I am attempting to save all of the mail items within a folder in Outlook as PDF.

Sub pdfConversion()
    Dim outApp As Object, objOutlook As Object, objFolder As Object, myItems As Object, myItem As Object
    Dim psName As String, pdfName As String

    Set outApp = CreateObject("Outlook.Application")
    Set objOutlook = outApp.GetNamespace("MAPI")
    Set objFolder = objOutlook.GetDefaultFolder(olFolderInbox).Folders("PDF Conversion")
    Set myItems = objFolder.Items

    For Each myItem In myItems
        myItem.PrintOut copies:=1, preview:=False, ActivePrinter:="Adobe PDF", printtofile:=True, _
        collate:=True, prtofilename:="C:\Users\lturner\Documents\" & myItem.Subject & ".pdf"
    Next myItem
End Sub

I am using Outlook 2007, which doesn't have the option to save mails as PDF, hence I'm attempting to use the .PrintOut method.

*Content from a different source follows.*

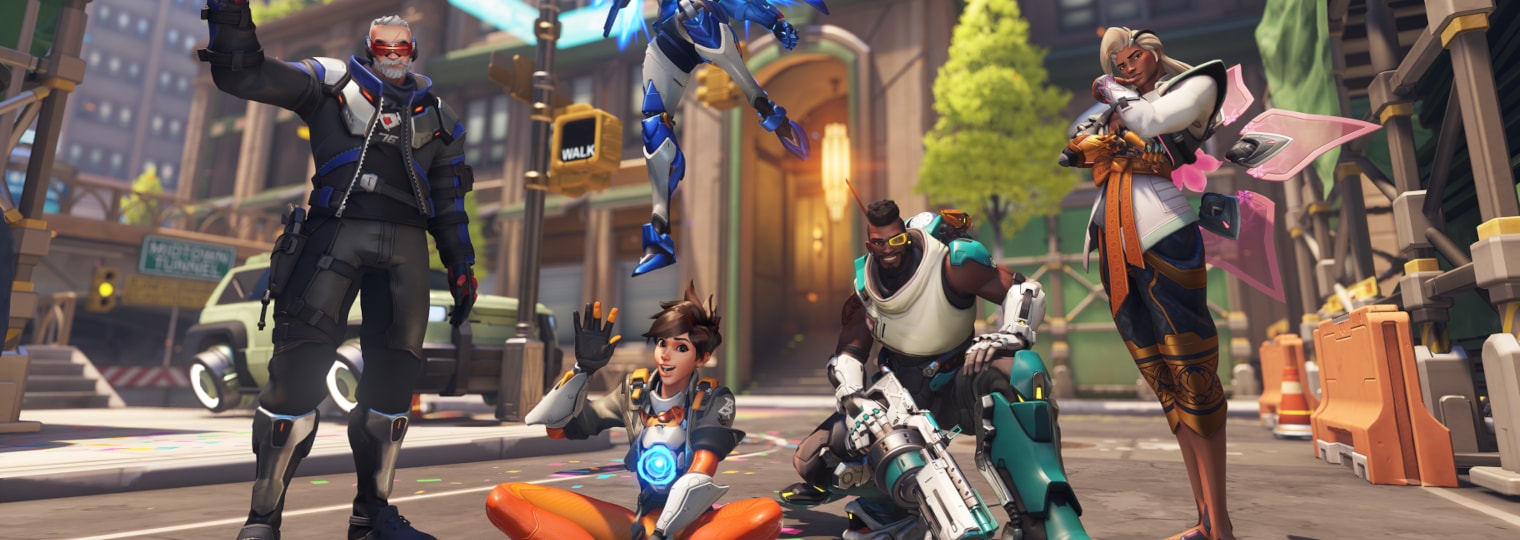 Reporte semanal: Guía sobre la historia del orgullo en Overwatch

Using the above I am currently receiving a "Named argument not found" error. I've looked elsewhere on the internet, but cannot seem to find a solution.

4

4 Answers

5
votes

I used a combination of the answers posted by Krishna and Eugene Astafiev to produce the below code, which will now produce a PDF document out of the myItem.

Dim objDoc As Object, objInspector As Object
For Each myItem In myItems
    fileName = Replace(myItem.Subject, ":", "")
    Set objInspector = myItem.GetInspector
    Set objDoc = objInspector.WordEditor
    objDoc.ExportAsFixedFormat folderPath & fileName & ".pdf", 17
    Set objInspector = Nothing
    Set objDoc = Nothing
Next myItem

Posting this so anyone in the future who stumbles across the question can see the working code, which uses the WordEditor property.

2
votes

There is no need to use the SaveAs method of the MailItem class. The WordEditor property of the Inspector class returns an instance of the Word Document class which represents the message body. You can call the ExportAsFixedFormat method of the Document class directly from Outlook avoiding any disk operations. See Chapter 17: Working with Item Bodies for more information.

1
votes

MailItem.Printout doesnt take any paramters. it uses application level default settings.

The workaround i can think here is 2 step,

Step 1 use MailItem.SaveAs "somefile.doc", olDoc to convert to a RTF or Document

Step 2 using word automation, (reference word objects 14.0) convert this to pdf using fixedformat.

Document.ExportAsFixedFormat "somefile.pdf", 17
0
votes

This will only work if the original email is formatted as document that supports word conversion.

For instance if you are trying to print a Custom Form to PDF then this will fail because the Inspector will always pass back NOTHING for the word editor.